To operate slide plate 162, plate 162 has a pair of radially outwardly projecting followers 166, 167 adjacent each end. Plate opening and closing cams 170, 171 respectively are provided on sides 68, 69 of developer housing 65 with the cam surfaces thereof in the path of movement of followers 166, 167. Cams 170, 171 are angularly separated from one another by a predetermined number of degrees to provide a preset duration during which slide plate 162 is moved to the open position to allow toner to be dispensed from tube 101.
In operation, as tube 101 of cartridge 100 rotates and toner discharge ports 160 approach a position in which the ports 160 face toward the interior of developer housing 65, follower 166 on plate 162 rides against the surface of cam 170. The interengagement of follower 166 with cam 170 drives or slides plate 162 sideways through a preset stroke to align the toner discharge openings 164 in plate 162 with toner discharge ports 160 in tube 101 and openings 135′ in tape 132. This allows fresh toner to fall from tube 101 through the matching ports 160 and openings 164, 135′ into developer housing 65 for a predetermined duration by the degree of angular offset between cams 170, 171. The continued rotation of tube 101 brings follower 167 on plate 162 into engagement with the surface of cam 171 to drive or slide plate 162 in the opposite direction. This moves the toner discharge openings 164 in plate 162 out of alignment with ports 160 and openings 135′, effectively closing ports 160 and terminating the dispensing of fresh toner from tube 101 of cartridge 100.
Referring particularly to Figures 2 and 5, to close off the generally rectangular area between photoreceptor 14 and toner cartridge 100, yet permit pressure that develops within housing 65 during operation of machine 8 to be relieved, a removable cover or shroud 210 is provided. Shroud 210 is generally rectangular in shape and has, when viewed in cross section a generally U-shape with upstanding sides 211, 212. To prevent or at least inhibit material such as toner dust, dirt, etc. from passing between the surface 16 of photoreceptor 14 and side 211 of shroud 210, side 211 is spaced closely adjacent the surface 16 of photoreceptor 14. For this purpose, side 211 is curved with a radius of curvature substantially the same as the radius of curvature of surface 16. Side 212 of shroud 210 engages and interlocks with a removable cover 213 encasing the upper part of cartridge 100, cover 213 extending from the side 212 of shroud 210 to the outside wall of developer housing 65. Side 212 of shroud 210 and cover 213 are curved with a radius of curvature substantially the same as the radius of curvature of cartridge 100.

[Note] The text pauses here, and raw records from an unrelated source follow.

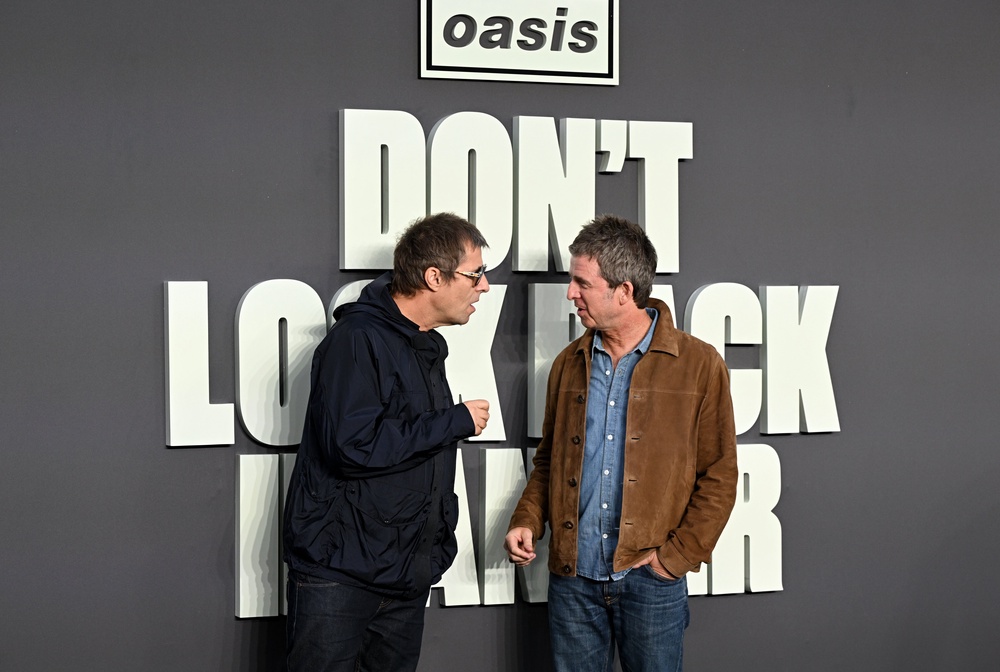Liam Gallagher (left) and Noel Gallagher (right) have been described as ’emotional’ about their reunion (Doug Peters/PA) (PA Wire)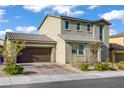 Charming home featuring a paved driveway, a two-car garage, and well-maintained landscaping at 10290 Lodge Pine Ave, Las Vegas, NV 89166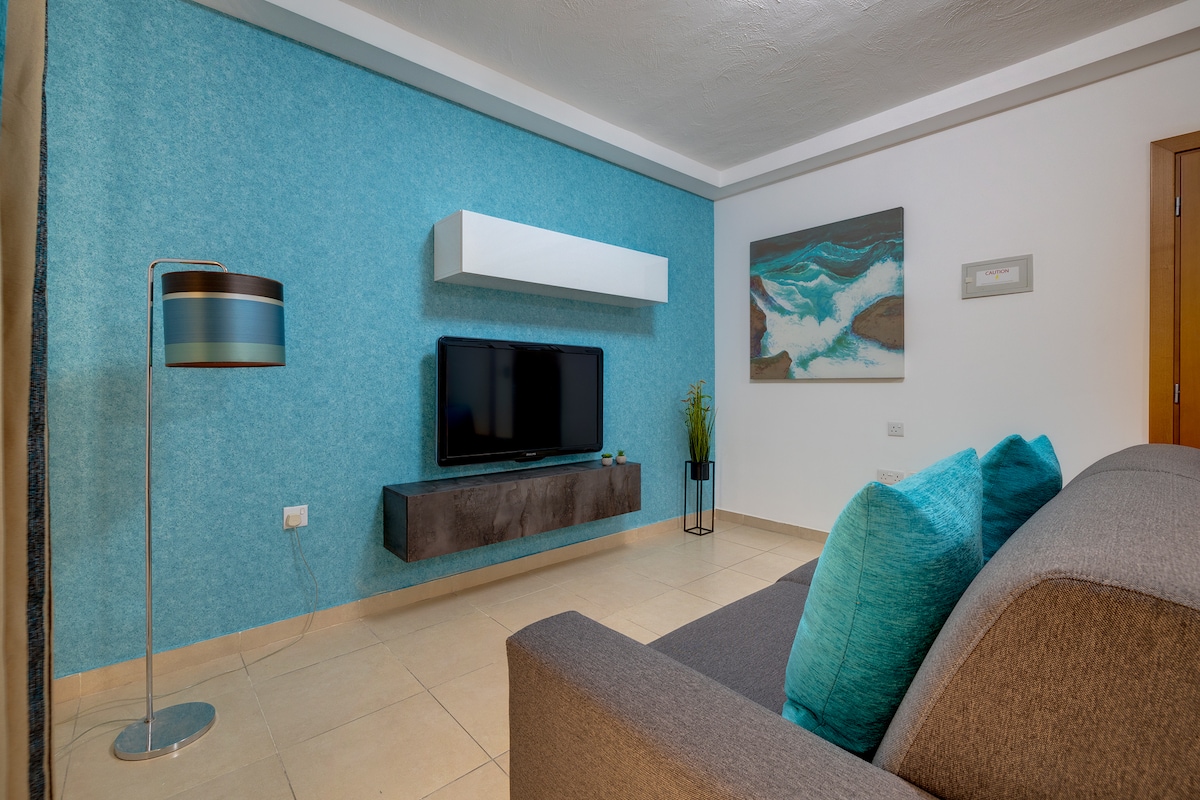 A modern living area features a grey sofa adorned with turquoise cushions, complemented by a floor lamp with a striped shade. A flat-screen TV is mounted on a minimalist wall shelf above a dark media console. A piece of abstract artwork adds a pop of color to the blue accent wall.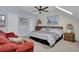 Bedroom featuring bed, love seat, ceiling fan, and complementary decor at 1912 Goose Creek Rd. Sw # 4302, Ocean Isle Beach, NC 28469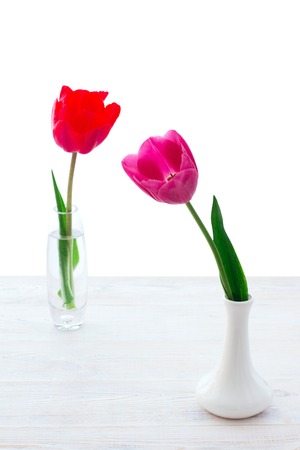 Bouquet of spring flower tulips on white wooden backgroundの写真素材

Shroud 210 is preferably a throw-away part, and as such is made of any suitable inexpensive material, such as cardboard, which has the necessary combination of flexibility and rigidity to enable shroud 210 to be formed or snapped into position between sides 68, 69 of developer housing 65. The width of shroud 210 between sides 211, 212 thereof is slightly less than the distance between photoreceptor 14 and cartridge 100 to provide a minimum operating space between side 211 of shroud 210 and the surface of photoreceptor 14 while the length of shroud 210 is slightly greater than the distance between sides 68, 69 of housing 65 to provide the necessary force to maintain shroud 210 in position.
Shroud 210 has plural rows of pressure relief ports 215 extending across the length thereof. Ports 215 may be of any suitable shape such as circular. To prevent dust, toner particles, and other debris from escaping through pressure relief ports 215 into the adjoining areas of machine 8, a filter 226, which is composed of any suitable relatively hard or rigid filter media, is placed on the upper surface of shroud 210 over ports 215. The width of filter 226 is somewhat greater than the space separating sides 211, 212 of shroud 210 so that filter 226, when mounted on the surface of shroud 210, is compressed slightly and trapped between sides 211, 212 to retain filter 226 in place. The length of filter 226 is substantially equal to the length of shroud 210 so that filter 226 covers the entire surface of shroud 210 and ports 215 therein.
During operation of machine 8, shroud 210 effectively seals the space between the side 212 of shroud 210 and the exterior of cartridge 100, with filter 226 trapping any dust, toner particles, etc. that are entrained with the pressure air being exhausted from developer housing 65 through ports 215.

Claims

A copying/printing machine including a movable recording member (14) on which latent electrostatic images are created, developing means (24) for developing said images with toner, and transfer means (28) for transferring the developed images to a copy substrate material (22), said developing means including a developer housing (65) adjacent said recording member with means (70) in said housing to bring developer from said housing into developing relation with said recording member to develop images on said recording member, said developing means further including:
a) a tube-like cylinder (101) adapted to contain a supply of fresh toner;
b) means (127) supporting said cylinder in spaced relation above a sump of said developer housing; and
c) drive means (144, 145) for rotating said cylinder to maintain the toner in said cylinder fluffed to enhance discharge;
d) said cylinder having a plurality of toner discharge openings (105 or 160) therein for toner to pass by gravity from said cylinder into said developer housing; characterised by
e) toner dispensing means (130 or 162) movably mounted on said cylinder (101) for controlling the amounts of fresh toner discharged through said toner discharge openings; and
f) actuating means (139, 148 or 166, 170; 167, 171) for actuating said toner dispensing means in timed synchronization with the rotation of said cylinder to discharge controlled amounts of fresh toner through said toner discharge openings while said toner discharge openings are facing said developer housing.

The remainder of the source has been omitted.